Wednesday, November 5, 2008

Boddingtons Pub Ale Review

Brewery: Boddingtons | Beer: Boddingtons Pub Ale
Style: English Pale Ale
| ABV: 4.7%
Serving Method: 16 oz. nitro-can poured into pint glass

Boddingtons Pub AleBoddingtons is one of the most ubiquitous time-honored of the British imports, reviewed here in the sixteen ounce nitro-widget can that Guinness Draught made famous (although in the US Guinness Draught comes in 14.9 oz. cans). This beer was brewed for over 200 years at the Strangeways Brewery in Manchester. The company, also named Boddingtons, managed to keep its independence until 1989, when it was sold to Whitbread. Whitbread, mainly a hospitality company, decided to sell their portfolio of brewers to Beligian megabrewer Interbrew in 2000. Who, of course, became InBev when they merged with Brazilian brewing giant AmBev. You might recognize the name InBev, as they recently bought American brewing titan, Anheuser-Busch. Bud Light and Boddingtons step-cousins, who would have thought?

So, Boddingtons is now just another great historic brand rolled up into the faceless InBev corporation. But, all corporate angst aside, what really matters is what's inside the can. Growing up, this beer was always a fixture around the house, becoming one of the main poster children of "good beer" to me. When I started really drinking and appreciating beer, this was one of the first beers I counted as one of my favorites. However, people still curse me for getting them to try a sip of Boddingtons in years past, and I'm not really sure as to why.

By the way, if you have ever wondered why the logo features two bees on a cask, allow me to explain. Manchester's coat of arms features a (modest) swarm of bees as a symbol of efficient industry. The bees became a symbol of the city and are featured on Manchester's Town Hall floor, many public fixtures around the city, and on every can of Boddingtons. Now that you know, and we can proceed with the rest of the review as scheduled.

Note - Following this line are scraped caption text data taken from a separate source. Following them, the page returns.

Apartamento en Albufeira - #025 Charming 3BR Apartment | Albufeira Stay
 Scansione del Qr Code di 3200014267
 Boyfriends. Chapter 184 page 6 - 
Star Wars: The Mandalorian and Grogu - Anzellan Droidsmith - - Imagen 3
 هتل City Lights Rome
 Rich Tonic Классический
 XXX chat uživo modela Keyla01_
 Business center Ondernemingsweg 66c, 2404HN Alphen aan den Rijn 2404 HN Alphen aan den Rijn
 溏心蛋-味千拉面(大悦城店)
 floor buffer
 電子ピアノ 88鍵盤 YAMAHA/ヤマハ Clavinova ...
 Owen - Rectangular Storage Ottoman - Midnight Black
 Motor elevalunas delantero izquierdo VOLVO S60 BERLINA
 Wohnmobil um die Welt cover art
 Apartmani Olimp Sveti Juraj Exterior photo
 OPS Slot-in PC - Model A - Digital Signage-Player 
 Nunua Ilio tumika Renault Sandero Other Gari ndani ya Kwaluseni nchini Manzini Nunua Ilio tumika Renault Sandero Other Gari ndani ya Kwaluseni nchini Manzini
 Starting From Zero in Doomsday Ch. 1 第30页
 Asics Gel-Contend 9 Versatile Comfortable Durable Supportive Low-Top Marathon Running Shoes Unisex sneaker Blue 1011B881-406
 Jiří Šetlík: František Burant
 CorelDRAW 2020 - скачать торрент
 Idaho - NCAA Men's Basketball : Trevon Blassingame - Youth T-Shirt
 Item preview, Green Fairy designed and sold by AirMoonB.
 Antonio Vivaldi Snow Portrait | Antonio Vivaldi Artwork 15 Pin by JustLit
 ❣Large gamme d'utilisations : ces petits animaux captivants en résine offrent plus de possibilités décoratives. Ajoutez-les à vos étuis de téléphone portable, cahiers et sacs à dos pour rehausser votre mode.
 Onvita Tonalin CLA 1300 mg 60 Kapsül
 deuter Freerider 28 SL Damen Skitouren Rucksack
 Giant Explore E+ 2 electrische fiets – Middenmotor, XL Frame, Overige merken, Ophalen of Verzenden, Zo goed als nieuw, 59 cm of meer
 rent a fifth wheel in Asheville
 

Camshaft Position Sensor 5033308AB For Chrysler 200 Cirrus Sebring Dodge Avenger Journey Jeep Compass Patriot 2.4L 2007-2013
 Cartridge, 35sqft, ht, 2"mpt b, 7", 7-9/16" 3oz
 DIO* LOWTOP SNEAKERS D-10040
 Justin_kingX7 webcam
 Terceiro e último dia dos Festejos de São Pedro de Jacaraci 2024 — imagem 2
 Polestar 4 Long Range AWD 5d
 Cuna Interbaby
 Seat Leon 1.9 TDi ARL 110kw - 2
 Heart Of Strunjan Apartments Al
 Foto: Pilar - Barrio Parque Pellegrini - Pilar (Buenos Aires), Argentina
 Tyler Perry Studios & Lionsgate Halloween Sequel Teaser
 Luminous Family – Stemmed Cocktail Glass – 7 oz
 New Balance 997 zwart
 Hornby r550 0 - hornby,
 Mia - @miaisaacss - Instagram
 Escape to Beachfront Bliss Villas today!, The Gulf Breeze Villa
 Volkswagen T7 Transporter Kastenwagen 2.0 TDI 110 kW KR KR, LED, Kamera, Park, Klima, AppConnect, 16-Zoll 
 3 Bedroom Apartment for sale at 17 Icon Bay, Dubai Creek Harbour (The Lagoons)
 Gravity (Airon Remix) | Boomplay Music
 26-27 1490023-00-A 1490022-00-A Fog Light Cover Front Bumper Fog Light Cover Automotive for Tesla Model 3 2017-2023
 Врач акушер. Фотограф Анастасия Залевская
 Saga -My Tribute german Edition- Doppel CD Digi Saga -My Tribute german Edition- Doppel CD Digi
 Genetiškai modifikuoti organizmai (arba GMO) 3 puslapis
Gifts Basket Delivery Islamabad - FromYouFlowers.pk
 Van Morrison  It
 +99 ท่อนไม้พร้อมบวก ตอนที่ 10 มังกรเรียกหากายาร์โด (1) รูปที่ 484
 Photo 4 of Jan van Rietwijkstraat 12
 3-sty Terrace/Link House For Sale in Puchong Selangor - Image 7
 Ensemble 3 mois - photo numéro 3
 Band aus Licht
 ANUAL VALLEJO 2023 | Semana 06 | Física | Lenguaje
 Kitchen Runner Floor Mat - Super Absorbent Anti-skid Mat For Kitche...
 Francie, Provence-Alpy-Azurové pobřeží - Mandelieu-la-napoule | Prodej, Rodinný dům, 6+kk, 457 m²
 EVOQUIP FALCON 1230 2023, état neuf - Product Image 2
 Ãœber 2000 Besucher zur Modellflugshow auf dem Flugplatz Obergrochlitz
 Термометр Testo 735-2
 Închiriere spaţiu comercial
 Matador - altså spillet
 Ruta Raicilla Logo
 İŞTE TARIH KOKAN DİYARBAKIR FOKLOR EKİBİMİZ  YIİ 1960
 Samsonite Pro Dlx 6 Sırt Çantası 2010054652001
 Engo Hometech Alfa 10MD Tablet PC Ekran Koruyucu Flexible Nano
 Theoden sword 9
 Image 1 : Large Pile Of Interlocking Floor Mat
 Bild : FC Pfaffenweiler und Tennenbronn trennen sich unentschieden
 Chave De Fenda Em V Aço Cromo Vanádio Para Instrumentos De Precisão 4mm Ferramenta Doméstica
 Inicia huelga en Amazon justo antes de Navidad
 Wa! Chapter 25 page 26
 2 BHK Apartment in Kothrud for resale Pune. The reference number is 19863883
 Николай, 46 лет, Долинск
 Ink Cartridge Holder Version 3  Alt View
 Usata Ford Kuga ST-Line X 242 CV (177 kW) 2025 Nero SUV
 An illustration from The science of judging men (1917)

Appearance: Brilliantly clear honey (how appropriate) colored body. Thanks to the widget, the head is amazingly dense, creamy, and measures a full two fingers. Great fun to pour and watch with interesting little bubbles that cling to the glass. I could watch this all day, not quite as cool as the Guinness cascade, but certainly worth the cost of admission. Even after the head settles, this is an exceptionally pretty beer. The head rides all the way down to the bottom of the glass, leaving sudsy lacing behind.

Aroma: Clean and crisp with roasted malt and hints of a floral, hoppy bitterness. A little thin, to be sure.

Taste: Bitter up front with some dry, roasty malt flavors in the back. At times, you can pick up a juicy, fruity sweetness that reminds me of British wine gums. A nice combination, but nothing that's going to change your world.

Mouthfeel: Smooth, creamy, and soft - when I think of an exceptionally creamy beer, this immediately springs to mind. Mouthfeel is really one of the highlights of canned Boddingtons and just another reason to bow down to the widget. The aftertaste is pleasantly bitter.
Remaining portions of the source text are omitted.